Apoptosis is a major driver of cell loss and infarct expansion in ischemic injuries such as acute ischemic stroke (AIS) and acute myocardial infarction (AMI). Insulin-like growth factor-1 (IGF-1) can mitigate cell death and potentiate recovery following acute ischemic injury, but short half-life and nonspecificity limit its therapeutic potential. Scp776 is an IGF-1 fusion protein designed to target damaged tissue and promote apoptosis escape and is in clinical development as an acute therapy for AIS and AMI. Two phase 1 placebo-controlled studies in healthy volunteers evaluated safety, tolerability, pharmacokinetic profile, and pharmacodynamics under single (1, 2, or 4 mg/kg) or multiple (6, 6.2, or 7.25 mg/kg total doses) dosing regimens. In addition, a blood glucose management plan was developed and implemented to mitigate hypoglycemia that may develop following scp776 injection. Scp776 was well tolerated in healthy volunteers (n = 51) without serious adverse events. Exposure increased in a near dose-proportional manner with a mean half-life across all doses of 8 hours. Adaptive dextrose infusions maintained normal blood glucose levels with occasional mild hypoglycemic events. These results informed scp776 dose selection and the design of blood glucose monitoring protocols for phase 2 studies.

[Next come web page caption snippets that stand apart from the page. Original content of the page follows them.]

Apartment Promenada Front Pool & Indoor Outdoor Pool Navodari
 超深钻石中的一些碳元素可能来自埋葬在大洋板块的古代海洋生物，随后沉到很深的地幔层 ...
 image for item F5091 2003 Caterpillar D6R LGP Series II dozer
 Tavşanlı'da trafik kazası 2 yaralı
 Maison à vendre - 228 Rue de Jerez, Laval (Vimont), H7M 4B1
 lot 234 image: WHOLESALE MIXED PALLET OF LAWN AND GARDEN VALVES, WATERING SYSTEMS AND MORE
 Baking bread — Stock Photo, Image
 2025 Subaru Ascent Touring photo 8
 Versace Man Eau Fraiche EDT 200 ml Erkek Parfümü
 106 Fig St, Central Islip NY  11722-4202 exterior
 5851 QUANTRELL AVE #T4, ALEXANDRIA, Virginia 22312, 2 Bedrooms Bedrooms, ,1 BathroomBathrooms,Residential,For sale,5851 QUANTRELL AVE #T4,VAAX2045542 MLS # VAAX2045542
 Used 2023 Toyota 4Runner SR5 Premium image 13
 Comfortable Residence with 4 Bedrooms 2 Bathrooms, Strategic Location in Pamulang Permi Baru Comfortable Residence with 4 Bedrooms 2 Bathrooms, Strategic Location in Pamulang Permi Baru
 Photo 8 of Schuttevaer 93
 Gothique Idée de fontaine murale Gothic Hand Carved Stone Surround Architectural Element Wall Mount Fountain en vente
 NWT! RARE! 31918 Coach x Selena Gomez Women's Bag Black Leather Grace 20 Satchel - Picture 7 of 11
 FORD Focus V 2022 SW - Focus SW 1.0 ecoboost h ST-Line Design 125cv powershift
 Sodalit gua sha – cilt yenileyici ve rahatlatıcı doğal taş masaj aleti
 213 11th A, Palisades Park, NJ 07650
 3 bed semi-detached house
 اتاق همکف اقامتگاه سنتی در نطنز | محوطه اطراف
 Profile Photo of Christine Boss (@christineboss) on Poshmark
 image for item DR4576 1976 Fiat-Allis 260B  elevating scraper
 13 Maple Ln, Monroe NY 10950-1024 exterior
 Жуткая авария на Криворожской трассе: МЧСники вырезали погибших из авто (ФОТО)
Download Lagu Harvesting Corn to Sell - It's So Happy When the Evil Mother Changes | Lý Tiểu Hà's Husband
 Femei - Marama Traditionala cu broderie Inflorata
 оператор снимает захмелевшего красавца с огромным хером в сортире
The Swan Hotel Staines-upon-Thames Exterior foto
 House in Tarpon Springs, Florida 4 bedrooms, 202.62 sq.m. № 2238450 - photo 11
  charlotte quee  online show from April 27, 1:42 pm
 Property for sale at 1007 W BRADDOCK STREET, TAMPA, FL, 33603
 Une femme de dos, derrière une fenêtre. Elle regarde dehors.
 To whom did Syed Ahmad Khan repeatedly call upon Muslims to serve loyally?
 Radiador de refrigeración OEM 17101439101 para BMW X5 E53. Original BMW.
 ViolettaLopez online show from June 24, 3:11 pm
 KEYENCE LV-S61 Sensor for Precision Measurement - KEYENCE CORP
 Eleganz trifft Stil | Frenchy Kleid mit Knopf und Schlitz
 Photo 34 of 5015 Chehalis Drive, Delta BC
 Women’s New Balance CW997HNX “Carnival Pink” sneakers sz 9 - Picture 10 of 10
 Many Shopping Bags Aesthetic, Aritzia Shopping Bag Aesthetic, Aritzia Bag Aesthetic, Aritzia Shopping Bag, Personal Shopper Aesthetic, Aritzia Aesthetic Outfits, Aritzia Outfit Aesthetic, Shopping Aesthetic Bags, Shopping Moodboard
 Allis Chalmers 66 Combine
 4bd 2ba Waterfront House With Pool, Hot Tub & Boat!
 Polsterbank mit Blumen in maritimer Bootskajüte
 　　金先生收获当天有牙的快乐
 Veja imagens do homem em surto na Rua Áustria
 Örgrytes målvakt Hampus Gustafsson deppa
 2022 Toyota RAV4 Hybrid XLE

细胞凋亡是急性缺血性中风(AIS)和急性心肌梗死(AMI)等缺血性损伤中细胞丢失和梗死扩展的主要驱动因素。胰岛素样生长因子-1(IGF-1)可减轻急性缺血性损伤后的细胞死亡并增强恢复能力,但半衰期短和非特异性限制了其治疗潜力。Scp776是一种IGF-1融合蛋白,旨在靶向受损组织并促进细胞凋亡逃逸,目前正作为AIS和AMI的急性治疗药物进行临床开发。两项针对健康志愿者的1期安慰剂对照研究评估了单剂量(1、2或4mg/kg)或多剂量(总剂量6、6.2或7.25mg/kg)给药方案下的安全性、耐受性、药代动力学特征和药效学。此外,还制定并实施了血糖管理计划,以减轻scp776注射后可能出现的低血糖。Scp776在健康志愿者(n = 51)中耐受性良好,无严重不良事件。暴露量以接近剂量比例的方式增加,所有剂量的平均半衰期为8小时。适应性葡萄糖输注维持了正常血糖水平,偶尔出现轻度低血糖事件。这些结果为scp776的剂量选择和2期研究的血糖监测方案设计提供了依据。